# looking at a couple of bp trailers



## ugabulldog (Jan 28, 2009)

How many 1,000 lb cows can fit in 12, 14, 16' stock trailers? What difference would 5' vs 6' wide make?


----------



## haypoint (Oct 4, 2006)

You can only haul 87.5% as many cattle in a 14 foot trailer as a 16 foot, if the trailers are the same width. So figure the number of cows you fit in a 16 foot trailer and multiply by .875 to know how many will fit into a 14 foot trailer. To figure the other way, multiply 1.14. The differences in weight might not be as much. 
Steel is costly. Your cheapest trailers will weigh the least. Each trailer should have the load capacity of the axles, on a sticker by the hitch.
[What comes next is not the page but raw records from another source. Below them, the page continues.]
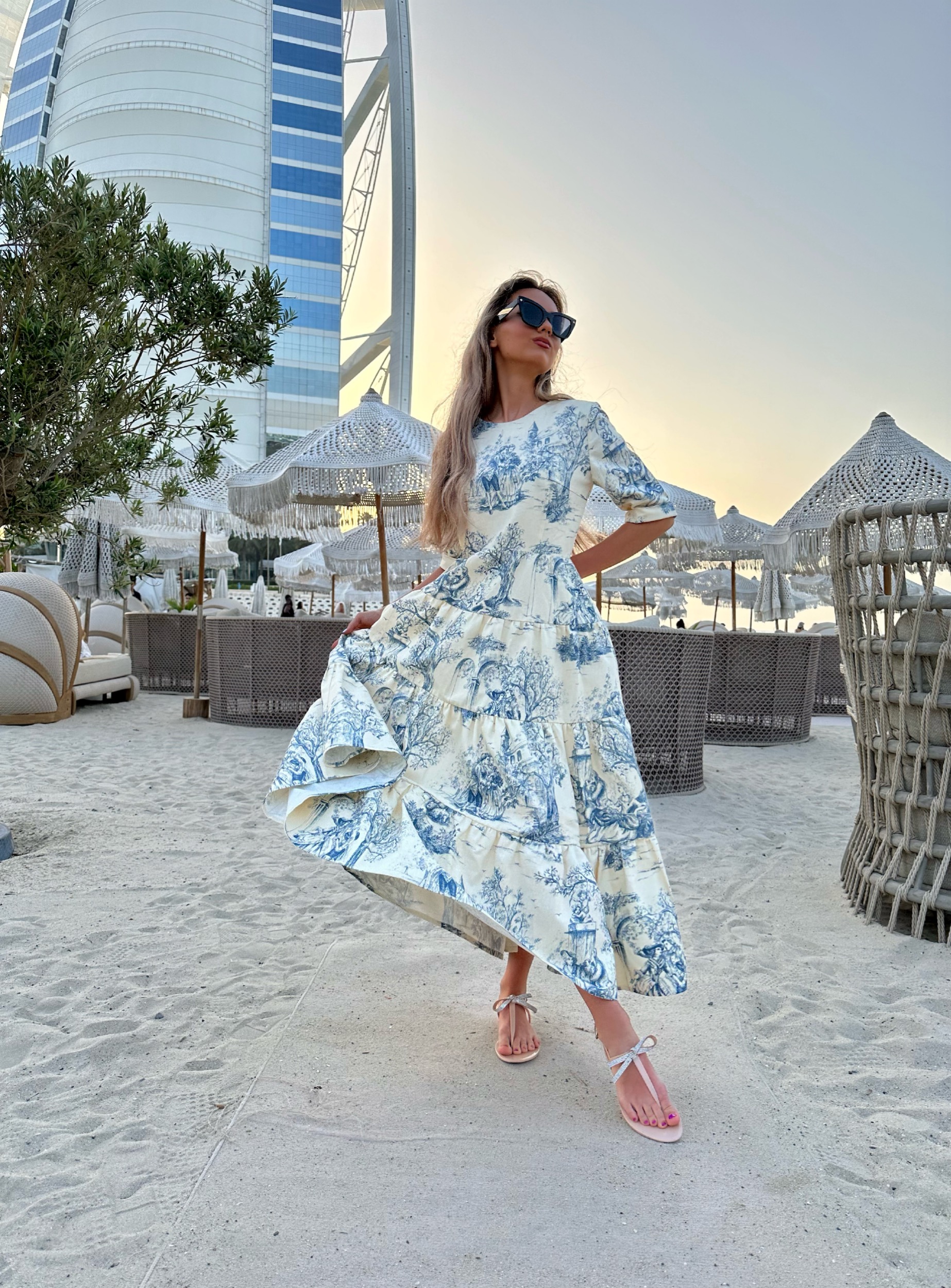 Renaissance creme blue cake dress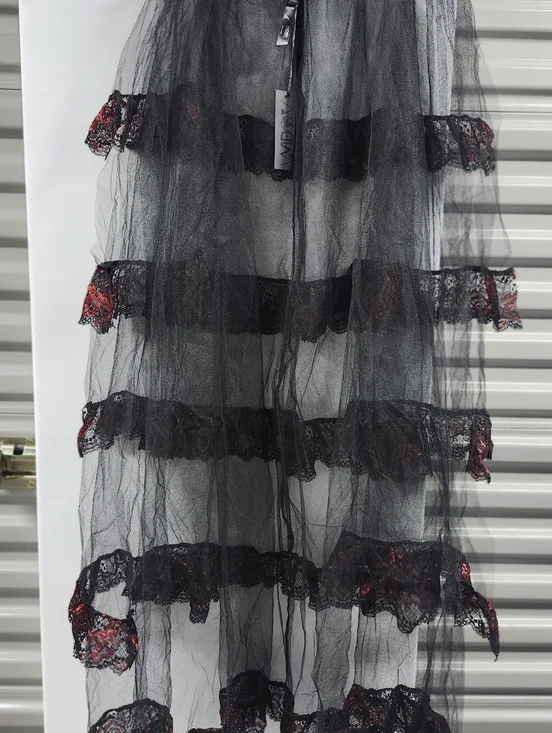 Widow Dolls Kill Black Sheer Tiered Bustle Skirt with Red Floral Lace Trim - Picture 3 of 5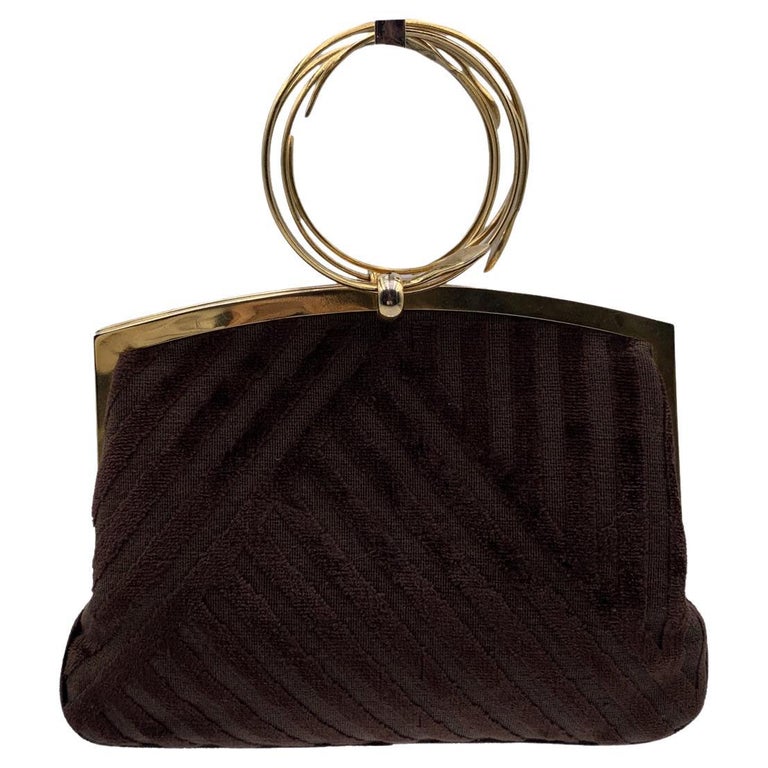 Roberta Di Camerino Vintage Brown Cut Velvet Bracelet Handbag Bag For Sale  at 1stDibs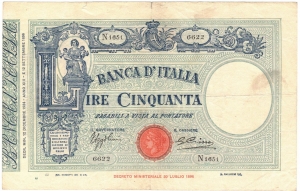 obverse: Vittorio Emanuele III. 1900-1943. 50 Lire Matrice. Fascio. 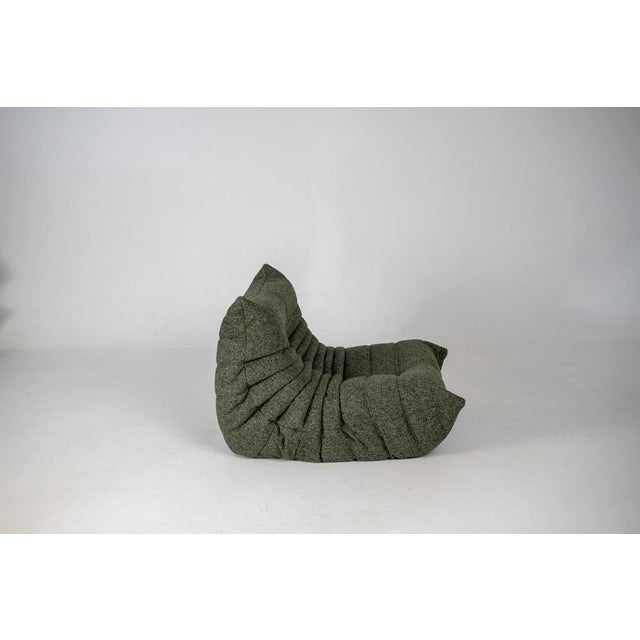 Textile Set of Togo Lounge Chair and Pouf in Grey Tweed Fabric by Michel Ducaroy for Ligne Roset, 1973 For Sale - Image 7 of 18
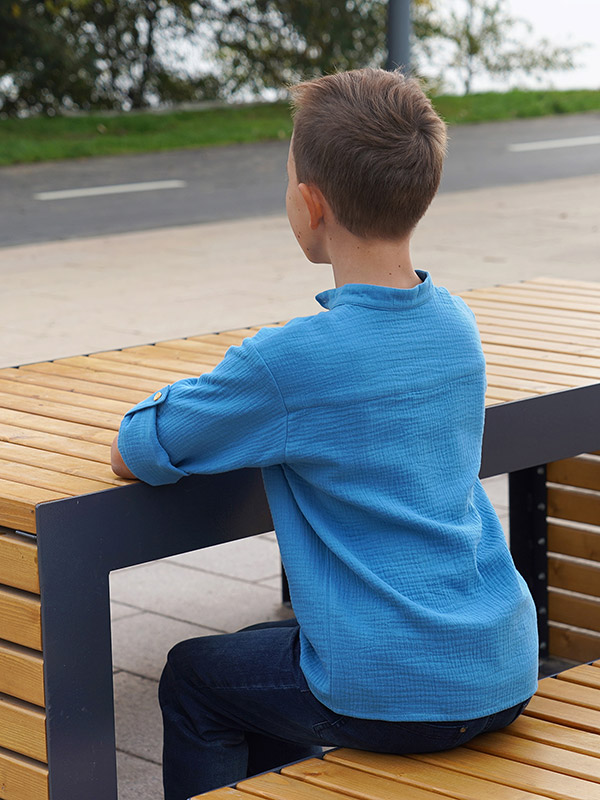 Рубашка для мальчика муслин лазурь фото 12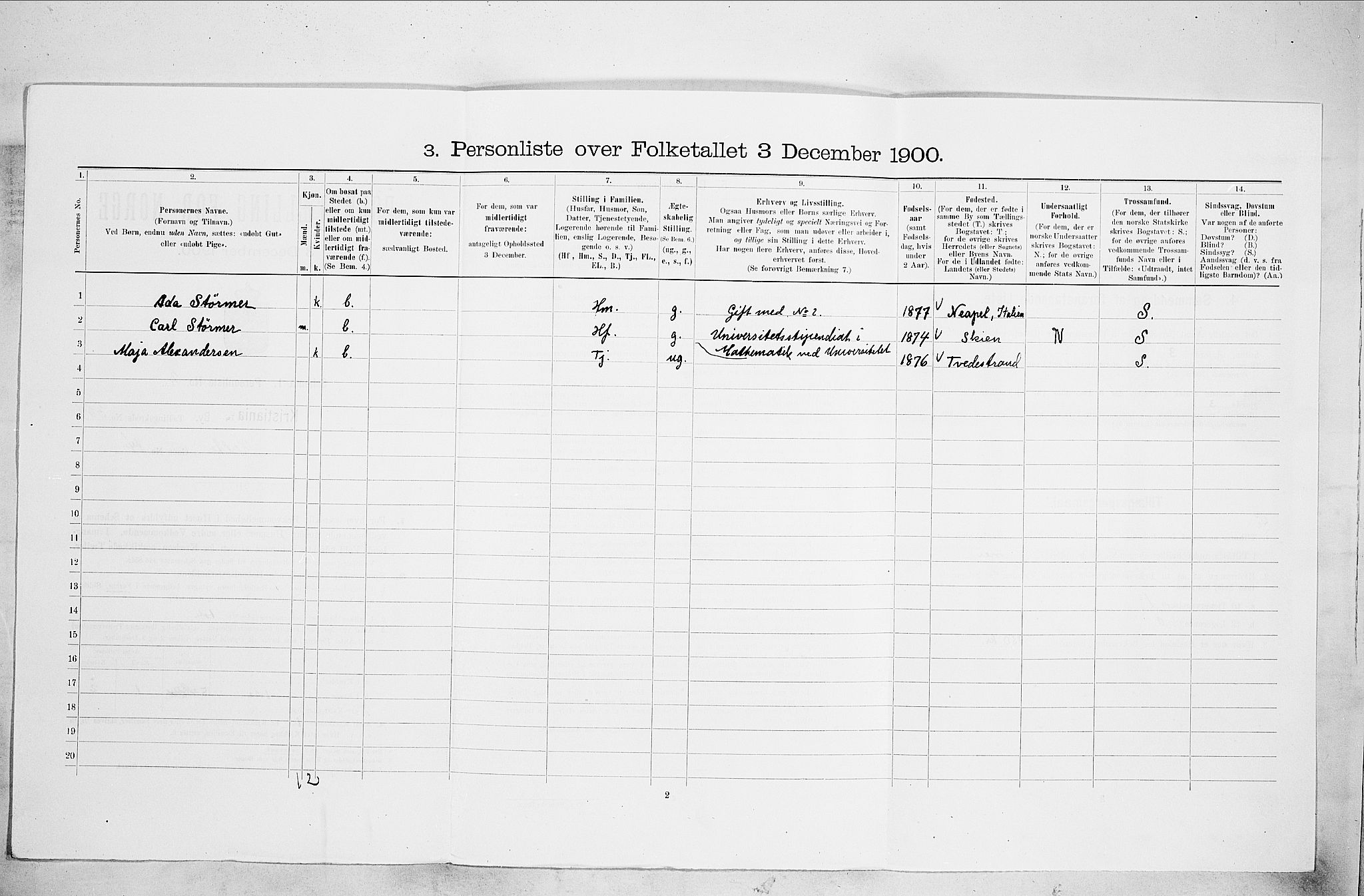 SAO, 1900 census for Kristiania, 1900, p. 38840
That is both the weight of the trailer and the cattle. You can subtract the weight on the bumper.
Trailer tires are made to stand the sway of a trailer and car tires are not. Make sure the capacity of the tires matches the capacity of the axles.


----------



## genebo (Sep 12, 2004)

This is a miniature livestock trailer, 5' wide and 12' long, rated 3500#. It easily carries 2 Dexter cows and has been used to carry 3 for a shorter trip. You could squeeze 4 in for a local haul.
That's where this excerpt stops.